Upgrading from Hive 2.x to 3.x requires you to understand data migration, ACID table migration, permissions, folder structures, and artifact naming.

EEP 9.0.0 introduced Hive 3.1.3, while EEP 7.x and 8.x supported Hive 2.3. Any upgrades from EEP 7.x and 8.x to EEP 9.0.0 require a thorough review of the considerations in this topic. For information about the Hive versions in different EEPs, see Component Versions for Released EEPs.

ACID Table Migration

In Hive 3.x, all data – including data in tables, partitions, and UDF functions – is supported as is in Hive 2.x, except for ACID (transactional) tables. ACID tables require some actions before you upgrade from Hive 2.x to 3.x.
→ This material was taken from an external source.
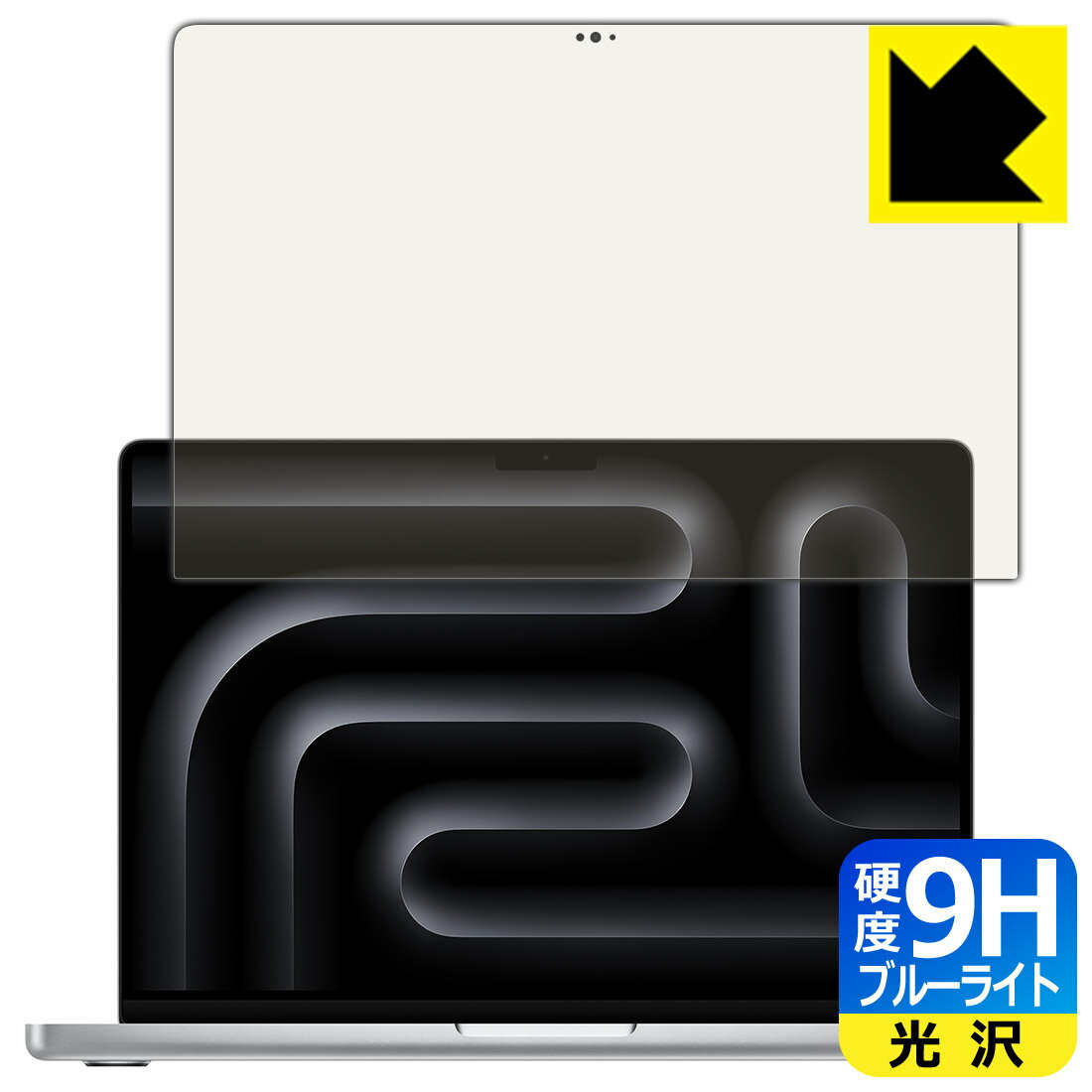 PDA工房 MacBook Pro 14インチ (M5)(2025年モデル) 対応 9H高硬度[ブルーライトカット] 保護 フィルム ..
Hive 3.x changed the on-disk layout of ACID tables. Any ACID table partition that had an Update, Delete, or Merge statement executed since the last major compaction must execute a major compaction before upgrading to Hive 3.x.
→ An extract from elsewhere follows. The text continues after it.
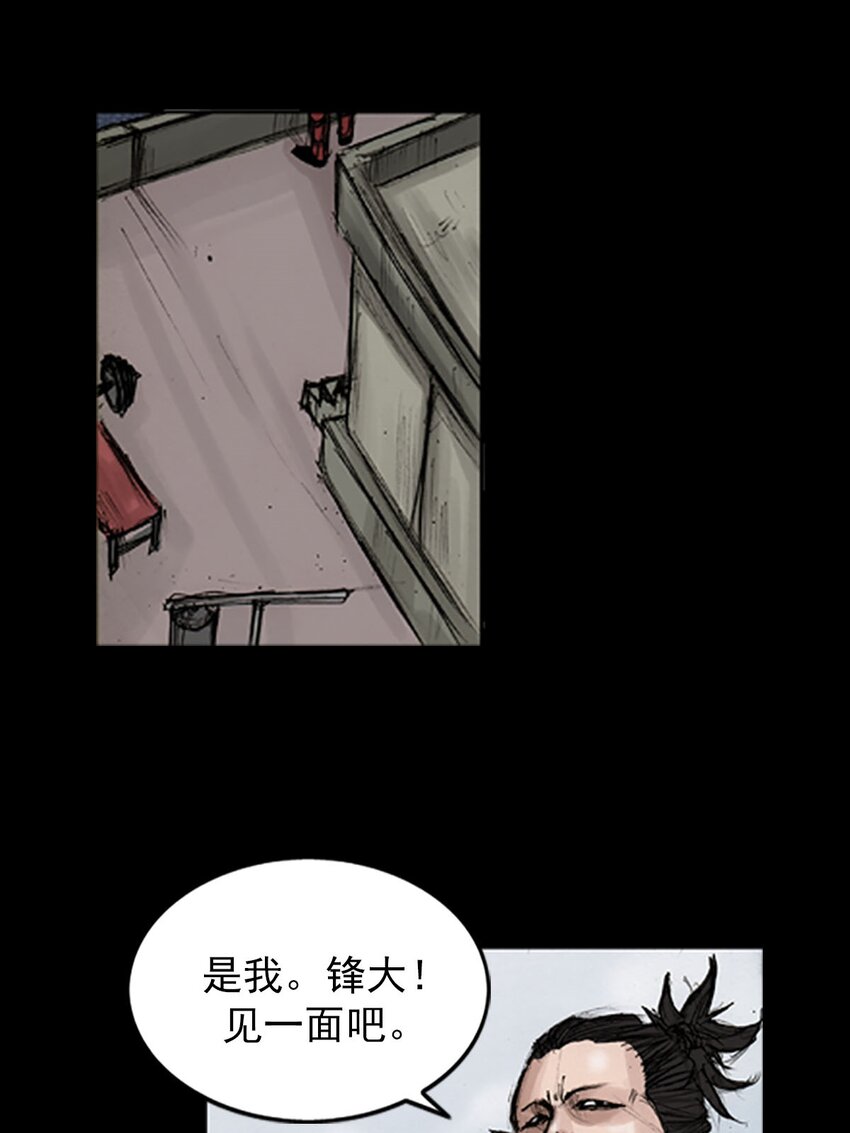 🍱胜券在握 第130话 上 第16页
No more Update, Delete, or Merge statements may be executed against these tables after the start of major compaction. Not following this sequence can lead to data corruption. Tables and partitions that contain only results of Insert statements are fully compatible and do not need to be compacted.

For details, see ACID Table Upgrade Routine.
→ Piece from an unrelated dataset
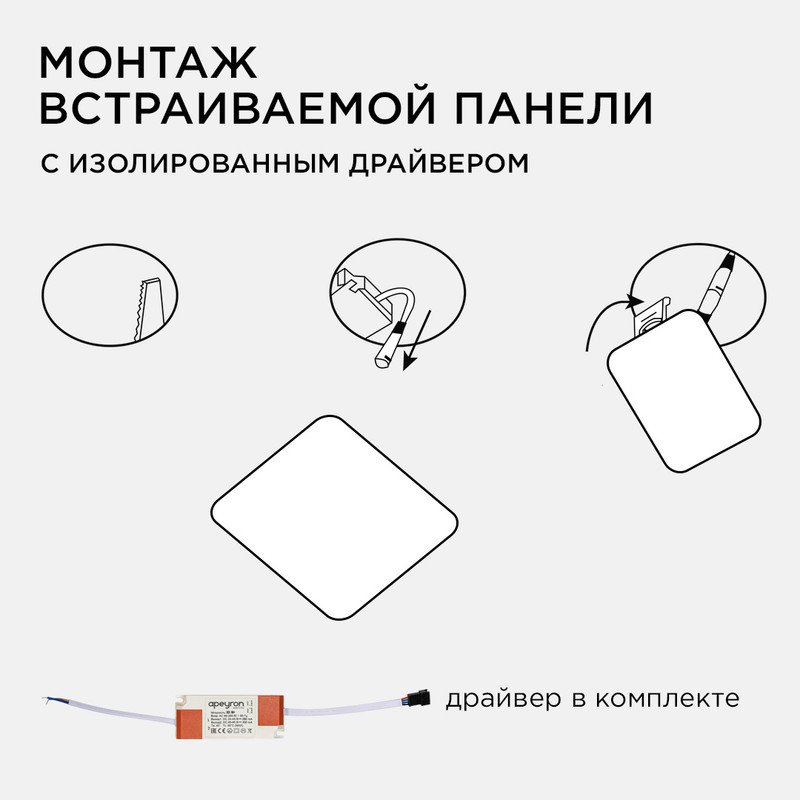 встраиваемая светодиодная панель apeyron flp 06-131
Permission Processing for New Tables

Hive 3.x dropped the following property:
hive.warehouse.subdir.inherit.perms
Instead of the Hive permission inheritance that was based on the hive.warehouse.subdir.inherit.perms parameter setting, Hive 3.x supports the data-fabric file-system access control model. In Hive 3x, a directory inherits permissions from the Default file-system value. All permissions-inheritance logic has been removed.
To summarize the new behavior:
  • 777 - default warehouse directory
  • 755 - child directories (no more inheritance)

Table permissions that remain from Hive 2.x are unchanged.

Folder Structure and Versioning

Unlike Hive 2.x, Hive-3.x has a three-digit version, which introduces a change in the HIVE_HOME pattern. For example:
Hive Version HIVE_HOME Pattern
2.x /opt/mapr/hive/hive-2.3
3.x /opt/mapr/hive/hive-3.1.3

This change can affect any custom parsing utilities for HIVE_HOME.

Artifact Naming

Hive 3.x JAR artifacts use a four-digit version. For example:
hive-A.B.C.D.jar
where:
  • A is the Major version
  • B is the Minor version
  • C is the Patch version
  • D is the EBF/Release version

This change can affect dependency management in custom applications that refer to Hive 3.x.